Aprendamos todos de ellos. Todos. Y pienso sobre todo en instituciones católicas que forman a jóvenes a través de sus Universidades y que tendrían que haber sido las primeras en ofrecer voluntarios para ayudar a todas esas personas desamparadas. A mi particularmente, no me valen llamamientos y comunicados de última hora hechos con urgencia y para tapar vergüenzas. En nuestro país tenemos decenas de Universidades privadas, muchas de ellas católicas, que deberían formar a sus jóvenes no sólo para encontrar el mejor trabajo el día de mañana, sino para aprender la asignatura más importante: solidaridad.
Hace unos días el Papa ha recibido en audiencia especial a una importante representación de la Pontificia Universidad Gregoriana de Roma y FRANCISCO ha vuelto a ser muy claro: “menos sillas y más mesas sin jerarquías, una al lado de otra.

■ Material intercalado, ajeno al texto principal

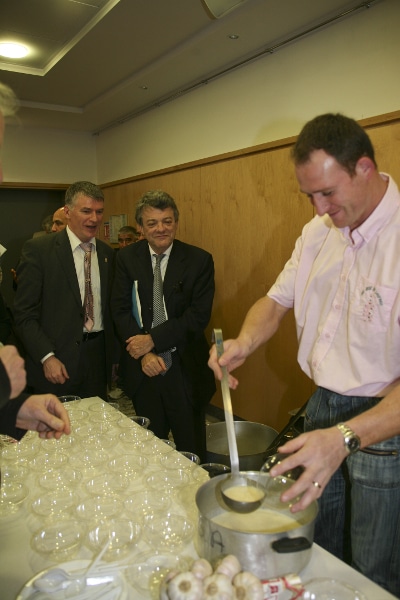 Jean-Louis BORLOO découvrant la soupe à l'ail rose de Lautrec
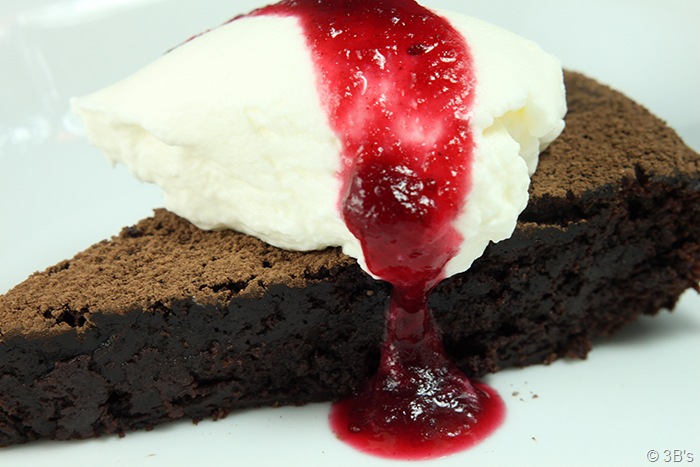 [flourless-cake[7].jpg]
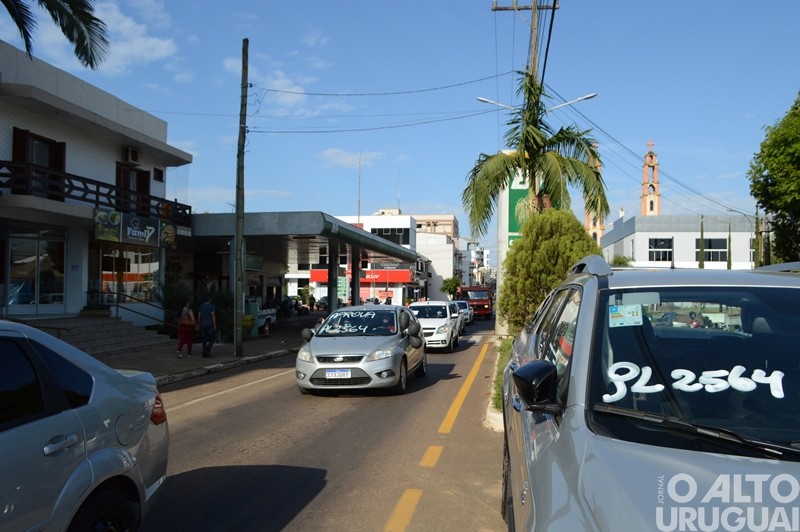 Profissionais de enfermagem promovem carreata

Hay que transformar el espacio académico en una casa del corazón”.
Recapaciten los responsables de esas Instituciones académicas ante esas palabras del Pontífice. Las Universidades Católicas no deben ser un negocio económico, sino un lugar donde se formen hombres y mujeres que sean capaces también de ser “misioneros en el barro”.